Mit diesem Wittgenstein, der der Welt zugleich abgewandt wie zugetan ist, der sich in ständigem Kampf mit sich selbst befindet, dessen Leben zerrieben wird zwischen dem Streben nach der Reinheit des Logos und den ebenso begehrten Ambivalenzen der Wirklichkeit, hat Regisseur Jarman einer "verwandten Seele" ein Denkmal gesetzt. "Ich habe viel von Ludwig in mir", sagt Jarman, "nicht in meiner Arbeit, aber in meinem Leben. Dem Film gegenüber habe ich dieselben Gefühle wie sie Ludwig gegenüber der Philosophie hatte; es gibt Wichtigeres." Daß aber dieses Wichtigere der warme Körper neben dem eigenen sein könnte, ist nicht ein Gedanke Wittgensteins, sondern eine Einsicht seines Freundes und Kollegen Maynard Keynes, der, homosexuell wie Wittgenstein und Jarman selbst, die Widersprüche im Leben des Philosophen am Totenbett Wittgensteins und am Ende von Jarmans Film in einem Märchen versöhnt. Von Wittgenstein selbst, der 1951 in Cambridge an Krebs starb, sind die Worte überliefert: "Sag ihnen, mein Leben war wunderbar."

Einmal doziert Wittgenstein in Jarmans Film, daß die Bedeutung der Sprache nicht irgendwo hinter den Sätzen versteckt liege, sondern im Gegenteil auf ihrer Oberfläche vollständig präsent sei. Als habe er sich geradewegs an diesem Satz orientiert, hat der britische Regisseur Leben und Werk des Philosophen als heitere Gesellschaftskomödie auf einer imaginären Bühne inszeniert, der er mit einem stets schwarzen Hintergrund selbst noch die Tiefe des Raumes nimmt. Diese Reduktion im Dienste äußerster Klarheit bewerkstelligt Jarmann zudem mit einer Handvoll hervorrragender Theaterschauspieler, mit extravaganten Kostümen, einer punktgenauen Beleuchtung und mit Dialogen, die man im Angelsächsischen so unübersetzbar wie treffend "sophisticated" nennt.

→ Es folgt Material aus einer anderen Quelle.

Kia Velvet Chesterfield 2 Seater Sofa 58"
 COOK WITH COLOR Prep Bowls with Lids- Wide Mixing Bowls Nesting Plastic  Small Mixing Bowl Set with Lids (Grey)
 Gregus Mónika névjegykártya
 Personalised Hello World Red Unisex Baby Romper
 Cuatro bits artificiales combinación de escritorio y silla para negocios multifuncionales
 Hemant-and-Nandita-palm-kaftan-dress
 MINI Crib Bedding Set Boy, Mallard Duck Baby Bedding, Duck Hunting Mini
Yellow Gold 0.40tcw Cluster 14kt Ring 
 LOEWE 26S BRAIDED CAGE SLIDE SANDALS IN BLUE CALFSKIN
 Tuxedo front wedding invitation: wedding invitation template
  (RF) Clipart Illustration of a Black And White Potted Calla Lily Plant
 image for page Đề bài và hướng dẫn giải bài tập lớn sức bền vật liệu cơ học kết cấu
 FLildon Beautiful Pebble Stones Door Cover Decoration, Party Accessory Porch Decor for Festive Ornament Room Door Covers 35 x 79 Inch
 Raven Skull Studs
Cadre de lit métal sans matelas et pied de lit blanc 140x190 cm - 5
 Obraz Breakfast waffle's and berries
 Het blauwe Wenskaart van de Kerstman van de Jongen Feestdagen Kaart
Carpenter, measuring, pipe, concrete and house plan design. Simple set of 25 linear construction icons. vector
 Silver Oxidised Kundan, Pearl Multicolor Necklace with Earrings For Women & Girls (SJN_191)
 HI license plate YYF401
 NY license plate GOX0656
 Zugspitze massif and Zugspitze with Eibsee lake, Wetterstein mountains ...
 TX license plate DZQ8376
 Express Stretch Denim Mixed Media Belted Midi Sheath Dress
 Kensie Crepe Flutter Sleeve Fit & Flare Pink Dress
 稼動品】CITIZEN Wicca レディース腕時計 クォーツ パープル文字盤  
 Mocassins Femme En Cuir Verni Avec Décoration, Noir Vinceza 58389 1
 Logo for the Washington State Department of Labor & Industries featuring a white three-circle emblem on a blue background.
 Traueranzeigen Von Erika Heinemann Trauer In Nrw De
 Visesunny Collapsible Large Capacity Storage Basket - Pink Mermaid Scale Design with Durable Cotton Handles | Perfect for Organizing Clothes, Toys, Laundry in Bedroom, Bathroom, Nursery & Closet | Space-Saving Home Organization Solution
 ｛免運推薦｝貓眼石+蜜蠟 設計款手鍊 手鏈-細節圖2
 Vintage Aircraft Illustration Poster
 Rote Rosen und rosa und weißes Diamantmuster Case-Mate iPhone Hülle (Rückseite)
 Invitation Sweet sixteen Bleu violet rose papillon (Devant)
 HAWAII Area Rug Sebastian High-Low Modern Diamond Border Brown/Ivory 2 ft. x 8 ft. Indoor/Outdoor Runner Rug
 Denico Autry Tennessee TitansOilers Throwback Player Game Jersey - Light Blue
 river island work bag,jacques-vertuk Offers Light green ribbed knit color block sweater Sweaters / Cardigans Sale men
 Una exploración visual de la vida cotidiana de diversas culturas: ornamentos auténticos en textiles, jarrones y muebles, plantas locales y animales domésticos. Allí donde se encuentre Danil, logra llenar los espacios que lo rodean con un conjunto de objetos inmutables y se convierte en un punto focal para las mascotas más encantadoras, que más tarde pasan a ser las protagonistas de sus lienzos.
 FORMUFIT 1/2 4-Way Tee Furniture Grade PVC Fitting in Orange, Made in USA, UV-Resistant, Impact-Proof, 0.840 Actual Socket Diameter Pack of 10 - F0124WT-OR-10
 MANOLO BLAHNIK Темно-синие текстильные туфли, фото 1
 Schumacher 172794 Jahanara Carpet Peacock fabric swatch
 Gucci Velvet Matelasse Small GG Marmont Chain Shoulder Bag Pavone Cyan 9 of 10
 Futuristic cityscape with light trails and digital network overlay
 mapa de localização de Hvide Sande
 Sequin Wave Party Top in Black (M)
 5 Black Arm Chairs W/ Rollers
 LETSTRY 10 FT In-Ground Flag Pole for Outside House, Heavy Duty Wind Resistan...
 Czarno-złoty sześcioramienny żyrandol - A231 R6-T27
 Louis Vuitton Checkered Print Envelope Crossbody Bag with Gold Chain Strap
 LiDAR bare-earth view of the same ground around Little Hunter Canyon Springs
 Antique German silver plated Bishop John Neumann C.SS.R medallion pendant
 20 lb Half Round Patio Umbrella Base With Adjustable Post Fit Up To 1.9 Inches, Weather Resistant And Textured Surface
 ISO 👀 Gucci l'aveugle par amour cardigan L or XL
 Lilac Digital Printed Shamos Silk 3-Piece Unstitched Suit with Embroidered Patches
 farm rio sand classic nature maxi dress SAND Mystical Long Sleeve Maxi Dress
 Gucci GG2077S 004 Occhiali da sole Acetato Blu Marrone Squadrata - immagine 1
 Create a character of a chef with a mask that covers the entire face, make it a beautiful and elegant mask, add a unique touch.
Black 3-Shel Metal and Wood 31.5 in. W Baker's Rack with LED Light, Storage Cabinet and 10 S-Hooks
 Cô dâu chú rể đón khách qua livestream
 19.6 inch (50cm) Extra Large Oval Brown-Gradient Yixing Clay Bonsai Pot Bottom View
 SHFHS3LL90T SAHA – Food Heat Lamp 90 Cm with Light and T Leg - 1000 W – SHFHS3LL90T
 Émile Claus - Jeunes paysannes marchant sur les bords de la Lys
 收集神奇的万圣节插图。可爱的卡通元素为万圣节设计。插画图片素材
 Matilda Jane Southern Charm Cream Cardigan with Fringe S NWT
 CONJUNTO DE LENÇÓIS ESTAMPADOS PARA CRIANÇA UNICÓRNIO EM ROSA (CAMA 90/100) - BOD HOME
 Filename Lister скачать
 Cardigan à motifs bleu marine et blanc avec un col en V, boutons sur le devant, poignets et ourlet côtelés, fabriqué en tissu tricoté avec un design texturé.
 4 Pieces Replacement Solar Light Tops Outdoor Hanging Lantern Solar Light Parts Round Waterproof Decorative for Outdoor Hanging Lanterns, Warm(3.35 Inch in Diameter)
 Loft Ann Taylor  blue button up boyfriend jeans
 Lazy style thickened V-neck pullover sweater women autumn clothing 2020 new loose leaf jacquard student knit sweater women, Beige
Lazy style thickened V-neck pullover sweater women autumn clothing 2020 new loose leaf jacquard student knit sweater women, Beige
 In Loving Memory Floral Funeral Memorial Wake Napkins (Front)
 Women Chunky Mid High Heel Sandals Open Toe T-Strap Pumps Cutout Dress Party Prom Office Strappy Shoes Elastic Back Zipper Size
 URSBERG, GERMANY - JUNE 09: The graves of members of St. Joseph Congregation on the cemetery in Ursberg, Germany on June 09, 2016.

Klar, übersichtlich und logisch in ihrer Chronologie addieren sich hier die ausgefeiltesten Tableaus zu einer Gesamtschau auf ein Leben, das nichts Hintergründiges verbirgt, sondern im Gegenteil selbst noch in seinen Verwerfungen ganz vordergründig ausgestellt wird, und das die Hauptfigur als altkluges Kind an mancher Stelle so ironisch kommentiert, als sei es selbst nur ein "Sprachspiel" unter anderen, das Sprachspiel der Biografie, das noch selten so heiter aufgeführt wurde wie hier.